* _What you have to do_: From the data below, return only the lines from the one with "Innocent Blue (Ogawa" through the one with "Протест - фондация", exact and inclusive, with pictures left out.

Image-text web data
- Opening Delimiter -
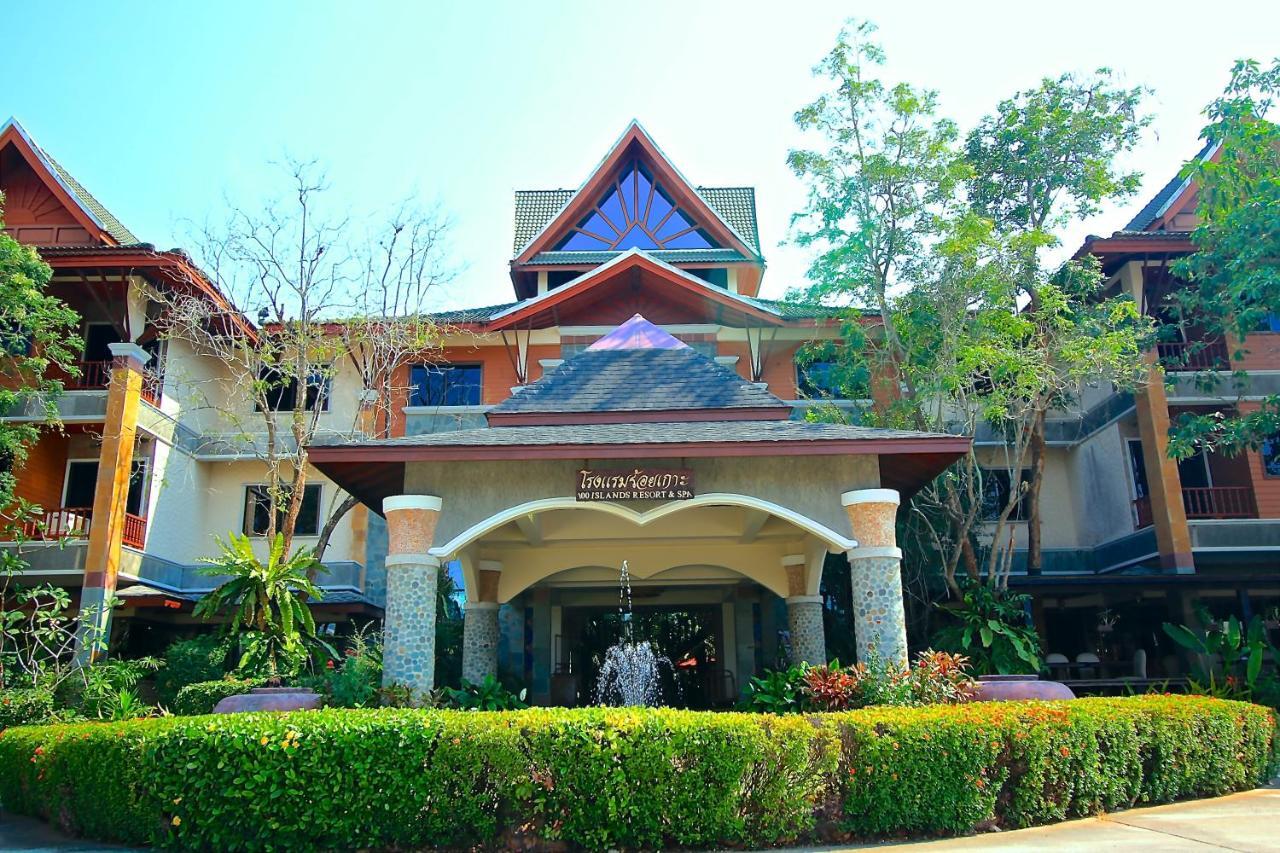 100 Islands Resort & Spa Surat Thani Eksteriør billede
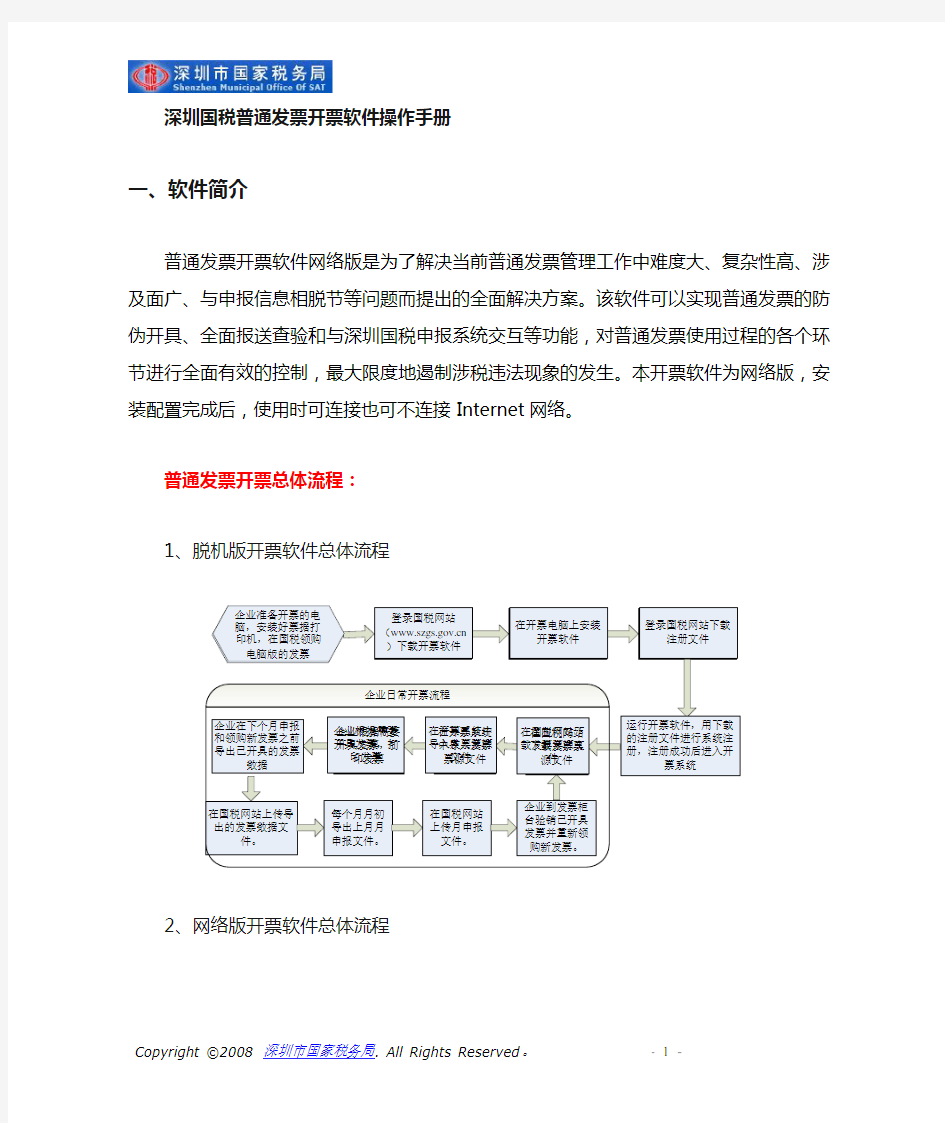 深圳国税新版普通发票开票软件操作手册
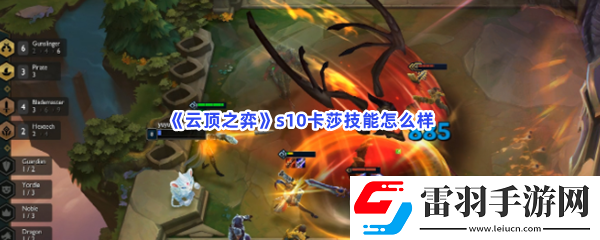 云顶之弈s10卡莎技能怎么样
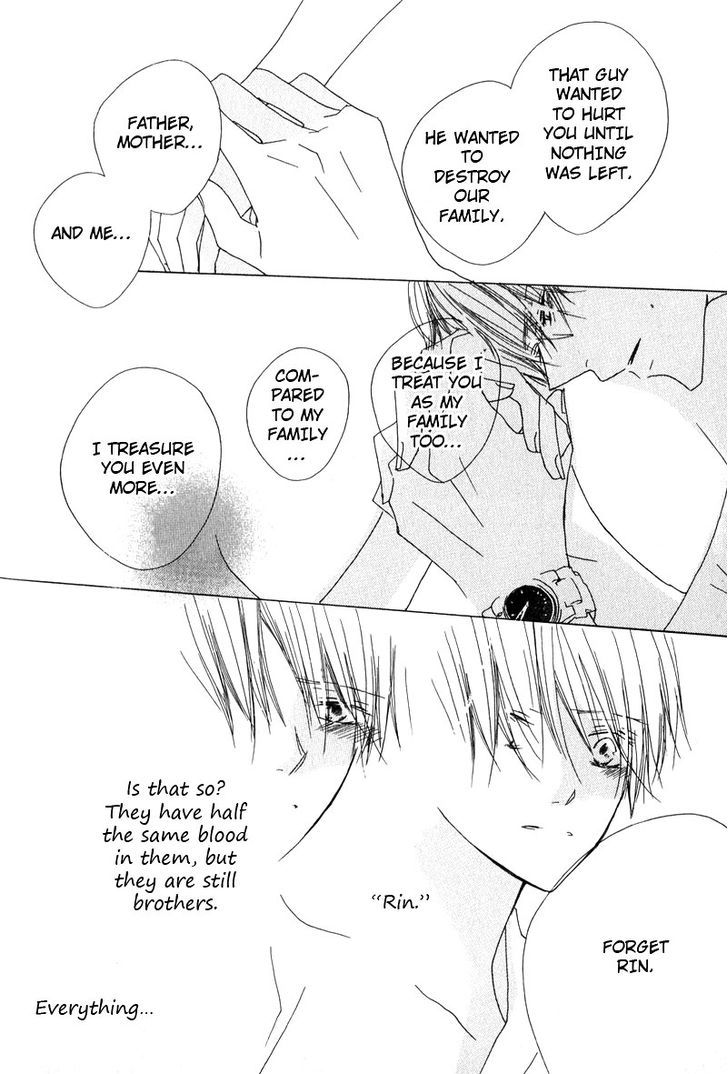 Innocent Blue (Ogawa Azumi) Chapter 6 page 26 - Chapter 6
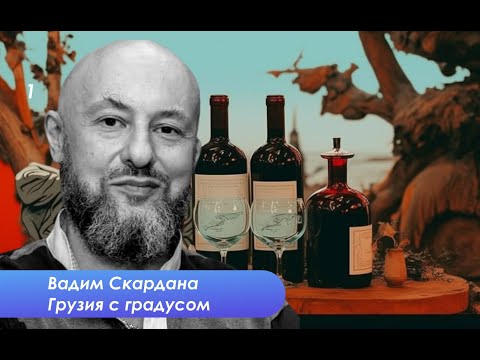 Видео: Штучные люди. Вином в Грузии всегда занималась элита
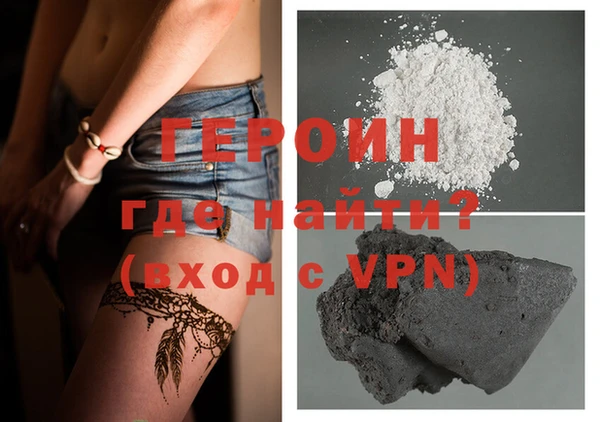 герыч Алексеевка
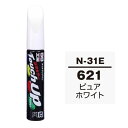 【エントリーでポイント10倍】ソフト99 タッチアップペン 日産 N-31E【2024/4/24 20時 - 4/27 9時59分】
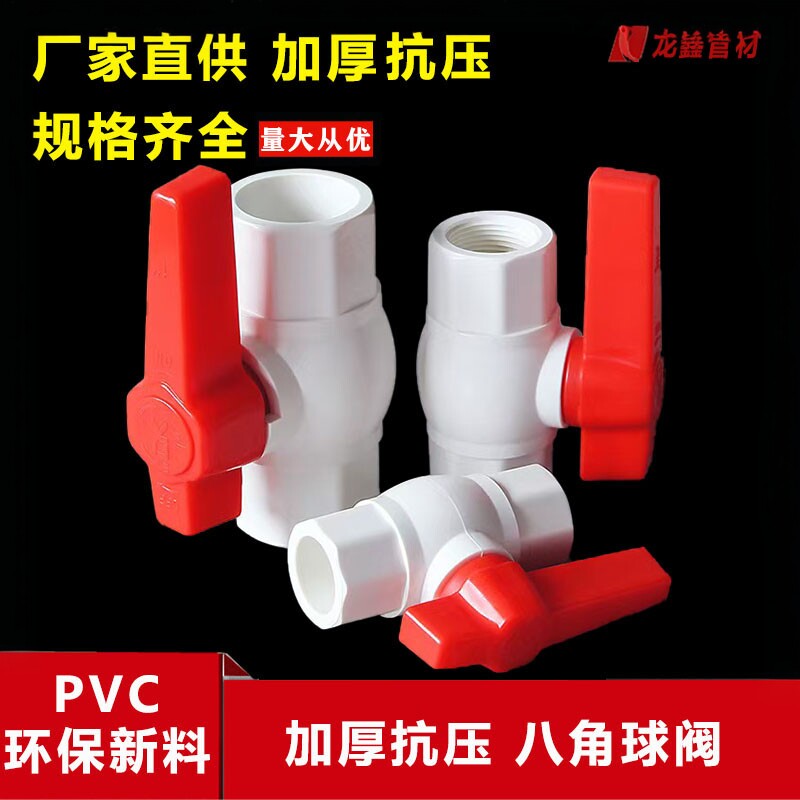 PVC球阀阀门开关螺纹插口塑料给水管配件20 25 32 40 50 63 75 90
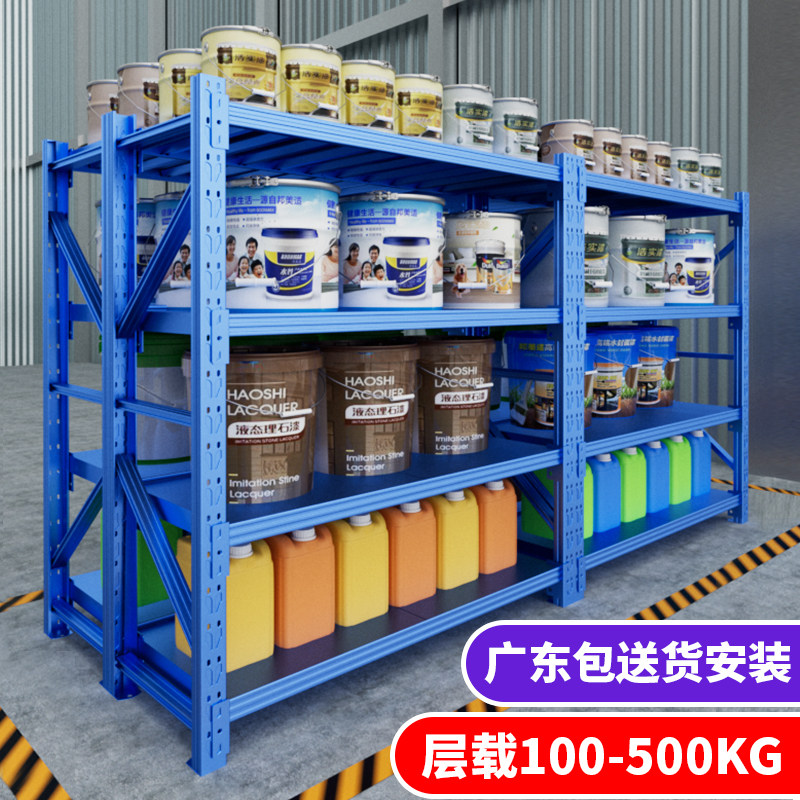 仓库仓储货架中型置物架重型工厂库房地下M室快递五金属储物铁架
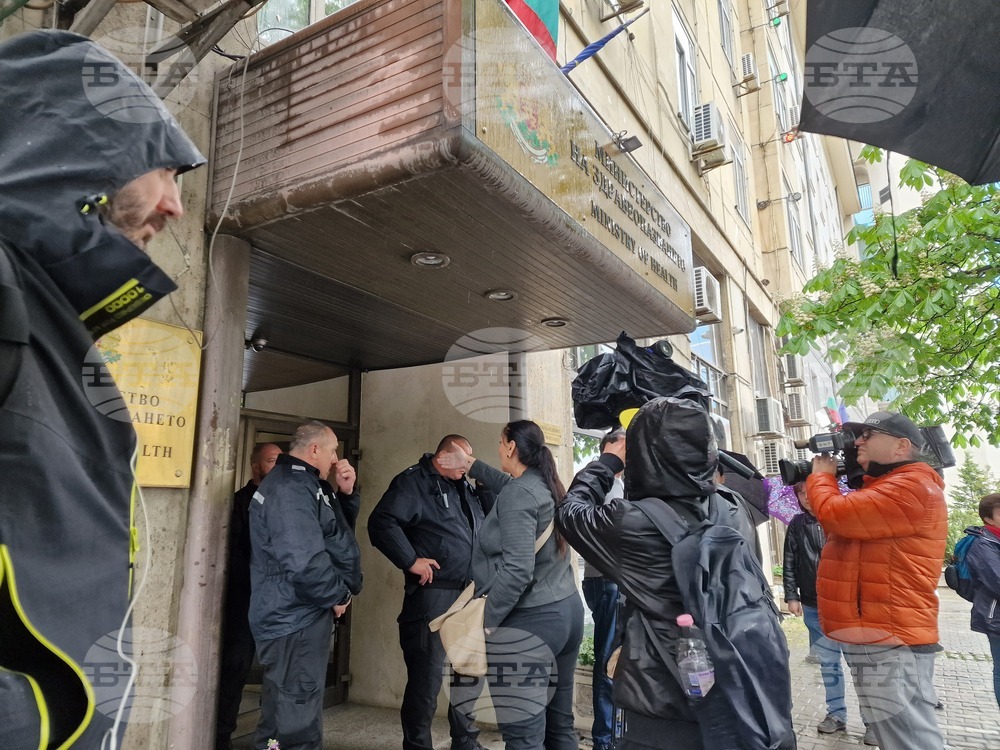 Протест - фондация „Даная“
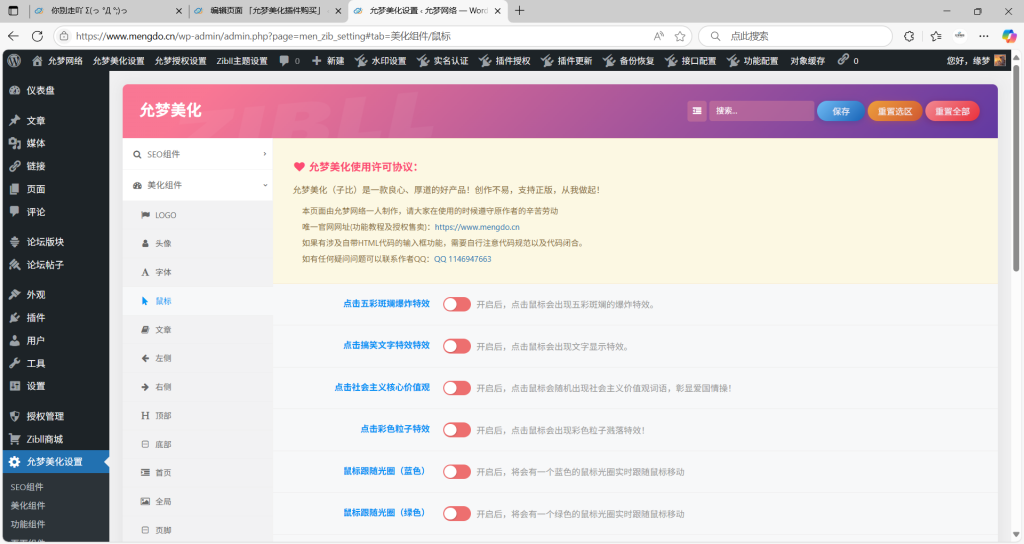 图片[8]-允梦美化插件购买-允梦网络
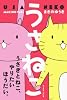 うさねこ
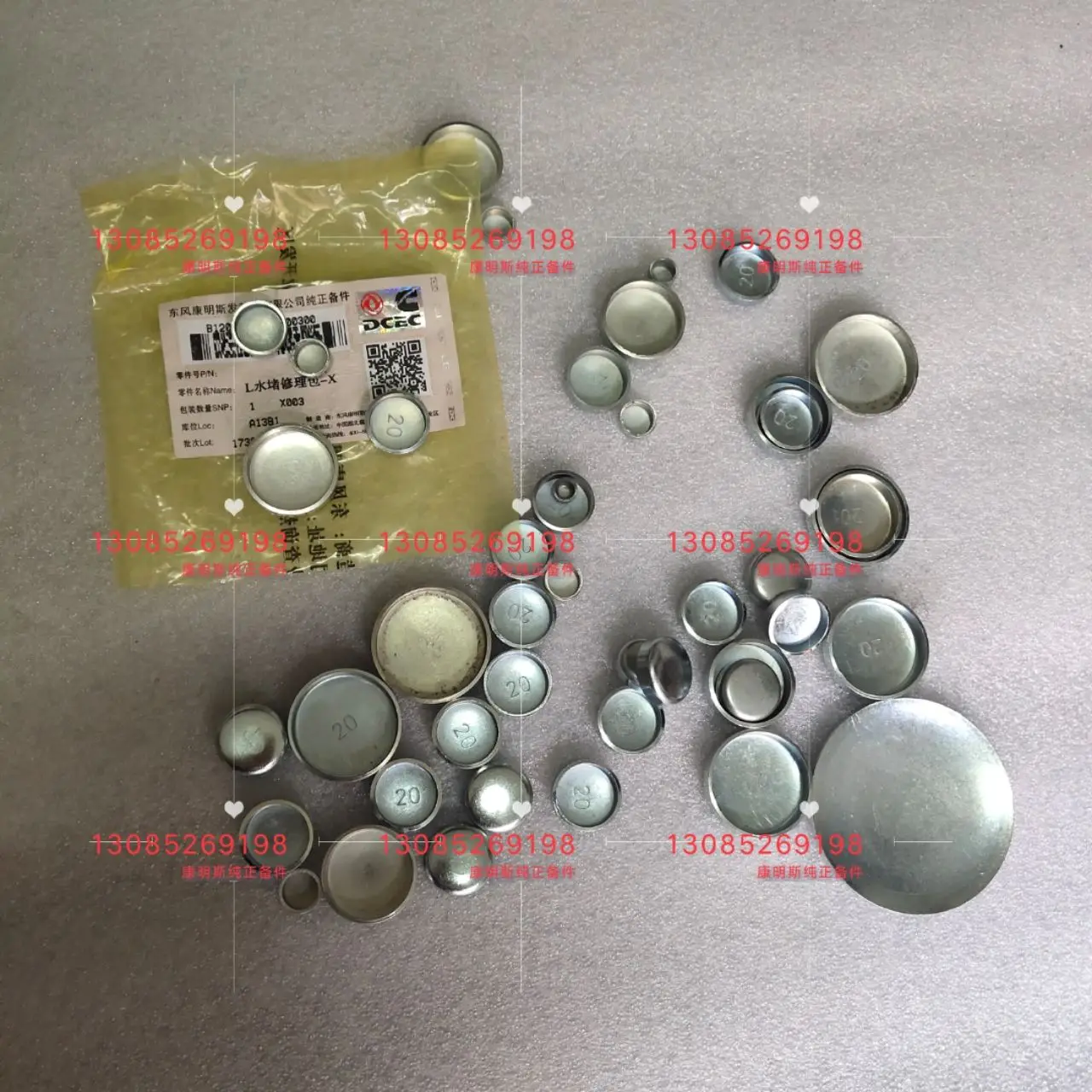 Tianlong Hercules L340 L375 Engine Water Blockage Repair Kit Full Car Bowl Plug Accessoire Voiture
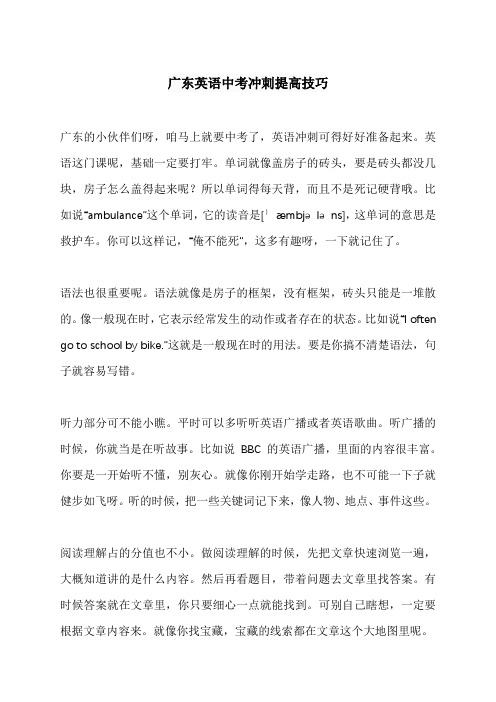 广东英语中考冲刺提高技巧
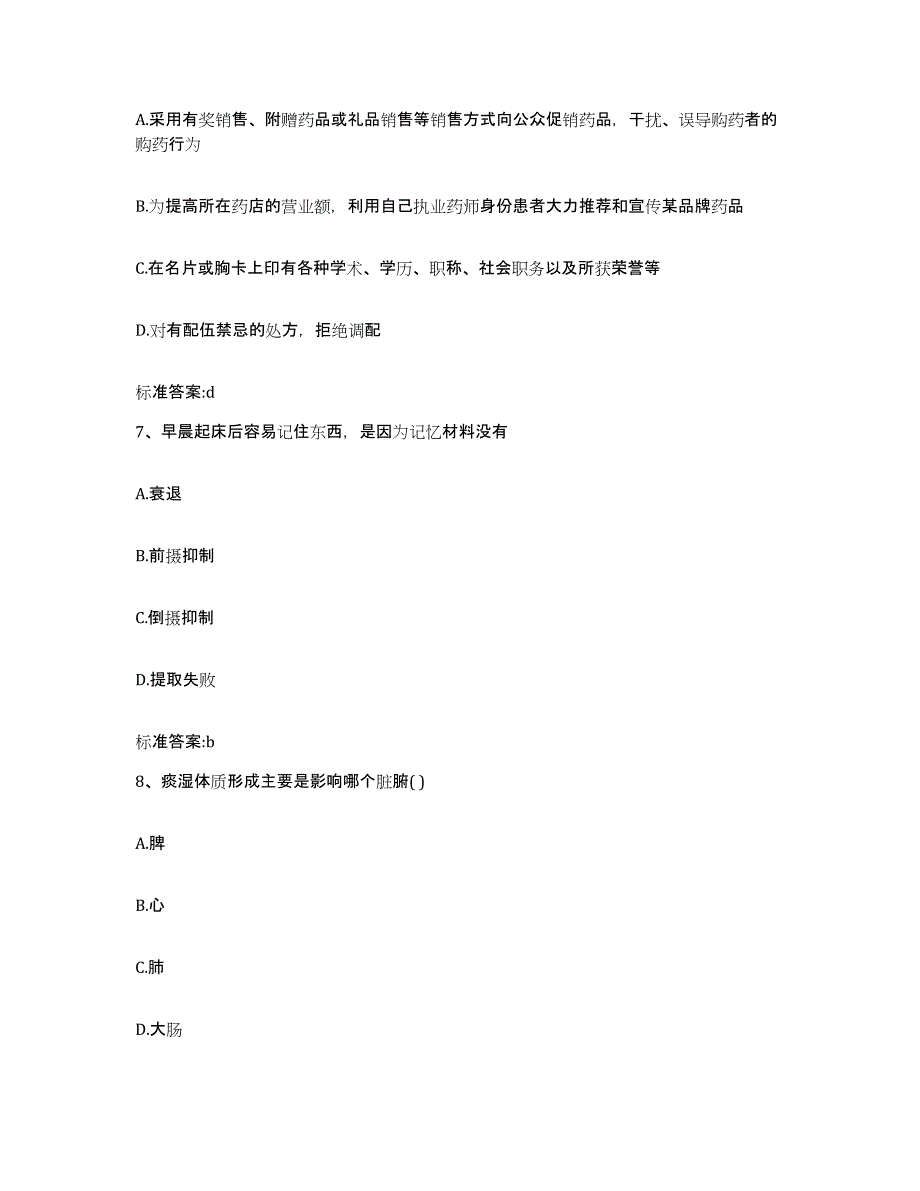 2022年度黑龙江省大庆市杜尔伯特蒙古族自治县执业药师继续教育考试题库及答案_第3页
- Closing Delimiter -
* _Task output_:
 Innocent Blue (Ogawa Azumi) Chapter 6 page 26 - Chapter 6
 Видео: Штучные люди. Вином в Грузии всегда занималась элита
 герыч Алексеевка
 【エントリーでポイント10倍】ソフト99 タッチアップペン 日産 N-31E【2024/4/24 20時 - 4/27 9時59分】
 PVC球阀阀门开关螺纹插口塑料给水管配件20 25 32 40 50 63 75 90
 仓库仓储货架中型置物架重型工厂库房地下M室快递五金属储物铁架
 Протест - фондация „Даная“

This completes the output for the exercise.